YORUM | BÜLENT KORUCU 

AKP İktidarının taşıyıcı kolonu hep orta ve alt gelir grupları; sosyolojik olarak da daha dindar ve muhafazakar kitle. Söz konusu kitle cüzdanla ideoloji arasında sıkışmış kalmış durumda. Erdoğan oradaki çözülmeyi durdurma ve geri kazanma adına hem cüzdana hem ideolojiye yükleniyor. Asgari ücreti beklenenin üzerinde artırdı, emekli maaşlarına da benzer oranda zam yapacak. Öte yandan nutuklarındaki din sosunu gittikçe artırıyor. Ekonomik gerekçelere dayandıramadığı, izah edemediği için faizle ilgili ısrarı ve döviz şoklarını nasla/dini buyruklarla açıklamaya çalışıyor.
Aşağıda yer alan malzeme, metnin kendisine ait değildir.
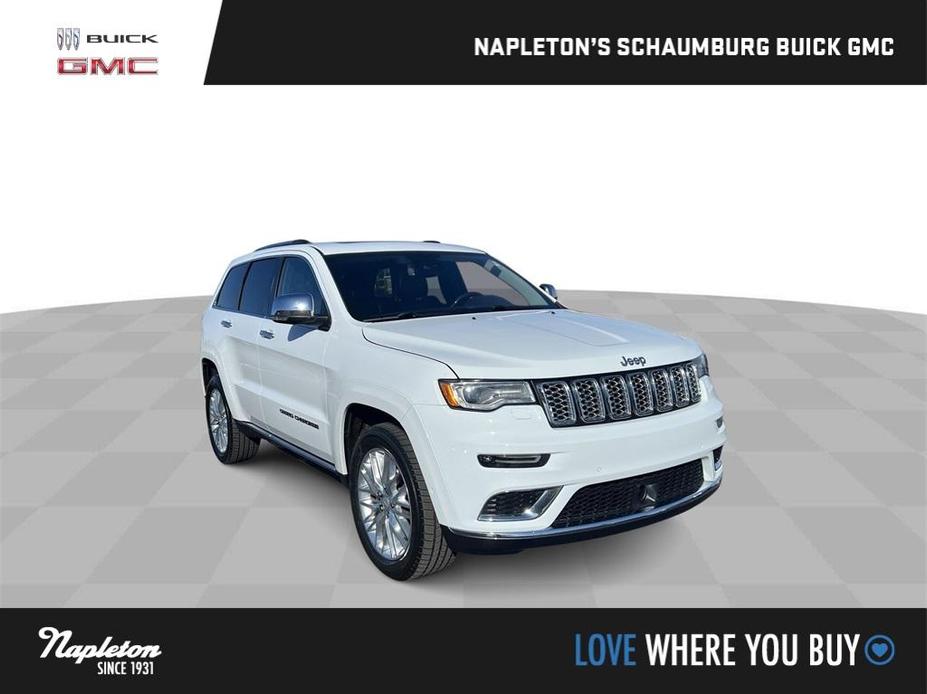 used 2018 Jeep Grand Cherokee car, priced at $21,750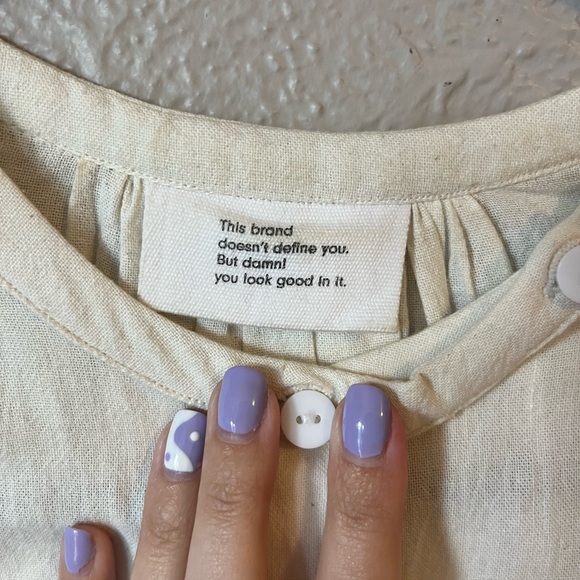 “River Dress” by slow fashion brand Runaway Bicycle - Picture 3 of 3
Erdoğan’ın din kadar iyi kullandığı diğer unsur milliyetçilik. Sebep olduğu krizi bir kurtuluş savaşına benzetmesi boşuna değil. Kamuoyuna pompaladıkları son tez şu: Erdoğan isteseydi faizi düşürmez ve döviz şoku yaşatmazdı. Ama vuruşmayı seçti, uluslararası tefecilik sistemine savaş açtı. Bu söylemin amacı, halkı gerçekten bir kurtuluş savaşı psikolojisine sokmak. Böylece insanlar kan kussa “kızılcık şerbeti içtim” diyecek. Eleştirilerini erteleyecek. Hatta eleştirmeyi vatana ihanet gibi algılayacak, kalkışanları bastıracak. “Erdoğan bilerek yapıyor, kendi parasını ve beş müteahhidi vatandaşa tercih etti” düşüncesi bu tezi zayıflatıyor.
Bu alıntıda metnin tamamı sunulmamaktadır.